EXERCISE DATA below:

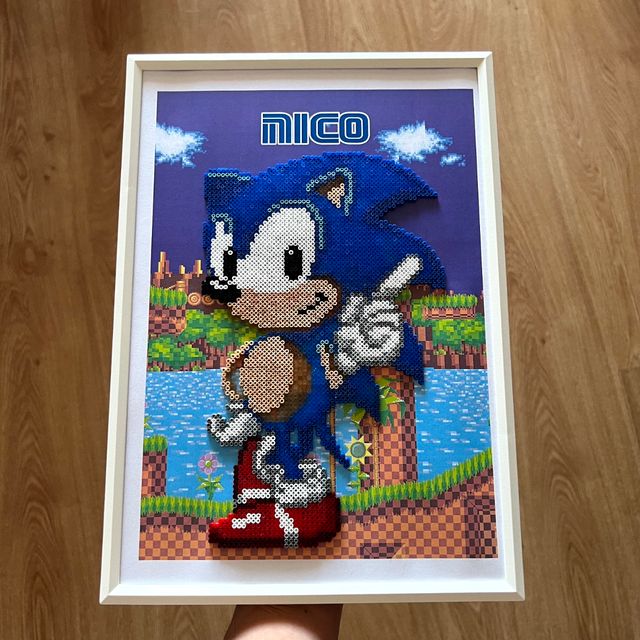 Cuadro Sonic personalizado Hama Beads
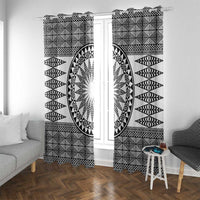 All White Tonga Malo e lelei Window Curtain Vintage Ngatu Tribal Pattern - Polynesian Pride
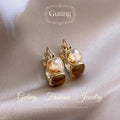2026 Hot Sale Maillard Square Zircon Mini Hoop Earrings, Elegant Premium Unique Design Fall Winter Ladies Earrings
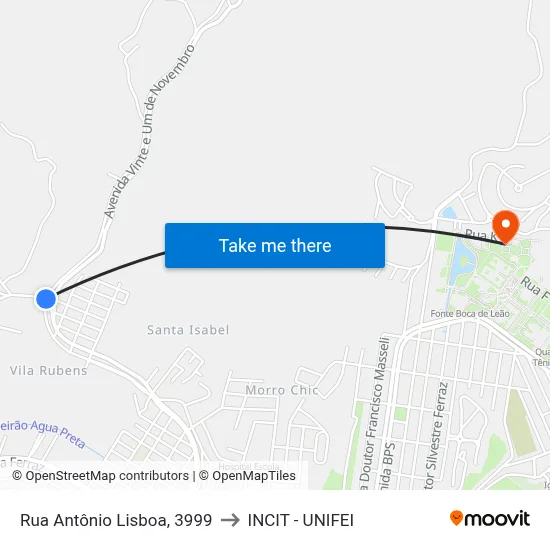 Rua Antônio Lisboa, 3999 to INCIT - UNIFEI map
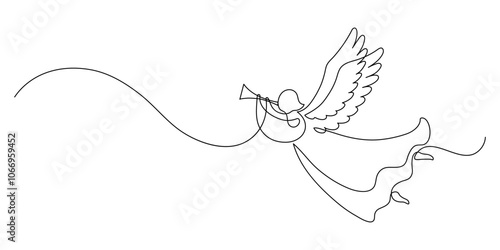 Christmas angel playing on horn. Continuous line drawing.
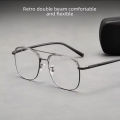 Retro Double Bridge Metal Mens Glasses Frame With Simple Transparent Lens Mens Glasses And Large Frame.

End of EXERCISE DATA.
EXERCISE DATA below:

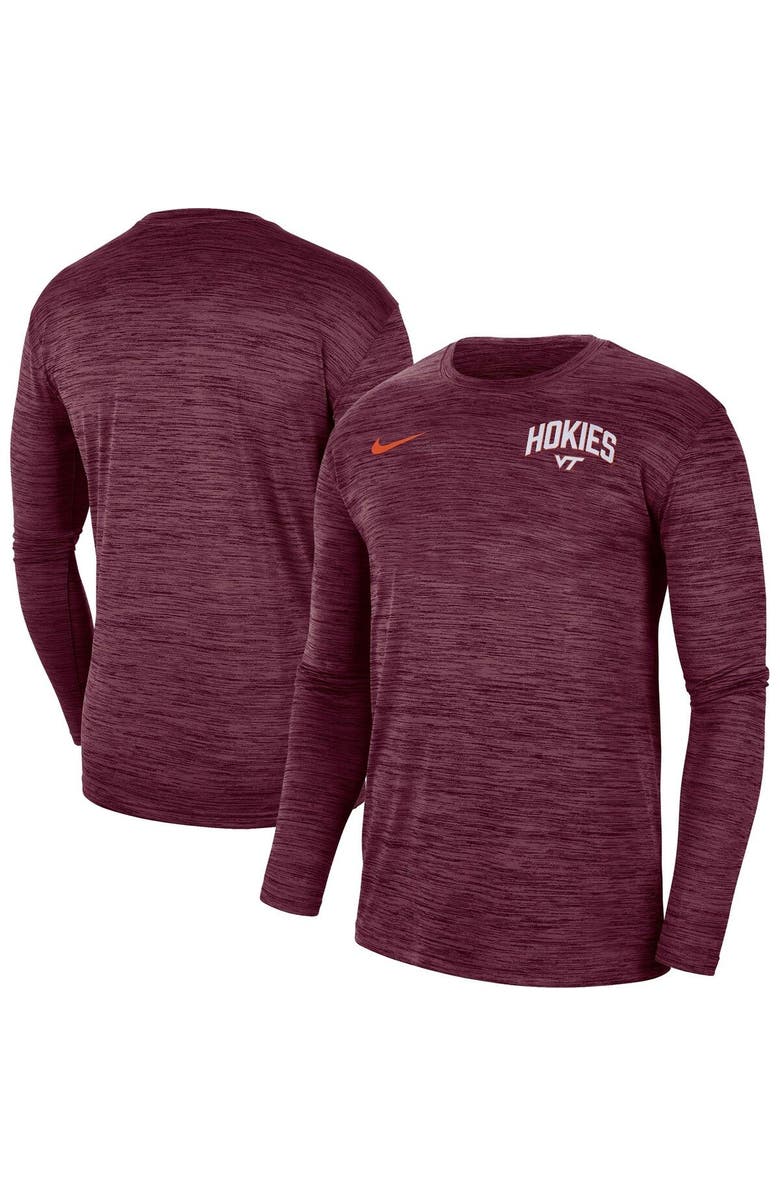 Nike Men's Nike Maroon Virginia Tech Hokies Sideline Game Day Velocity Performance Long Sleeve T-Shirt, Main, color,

End of EXERCISE DATA.

TO DO — Word for word, repeat the lines above from the one with "Cuadro Sonic personalizado Hama Beads" through the one with "Retro Double Bridge", and nothing beyond them. Omit the pictures.

RESULT FOR THIS EXERCISE —
 Cuadro Sonic personalizado Hama Beads
 All White Tonga Malo e lelei Window Curtain Vintage Ngatu Tribal Pattern - Polynesian Pride
2026 Hot Sale Maillard Square Zircon Mini Hoop Earrings, Elegant Premium Unique Design Fall Winter Ladies Earrings
 Rua Antônio Lisboa, 3999 to INCIT - UNIFEI map
 Christmas angel playing on horn. Continuous line drawing.
 Retro Double Bridge Metal Mens Glasses Frame With Simple Transparent Lens Mens Glasses And Large Frame.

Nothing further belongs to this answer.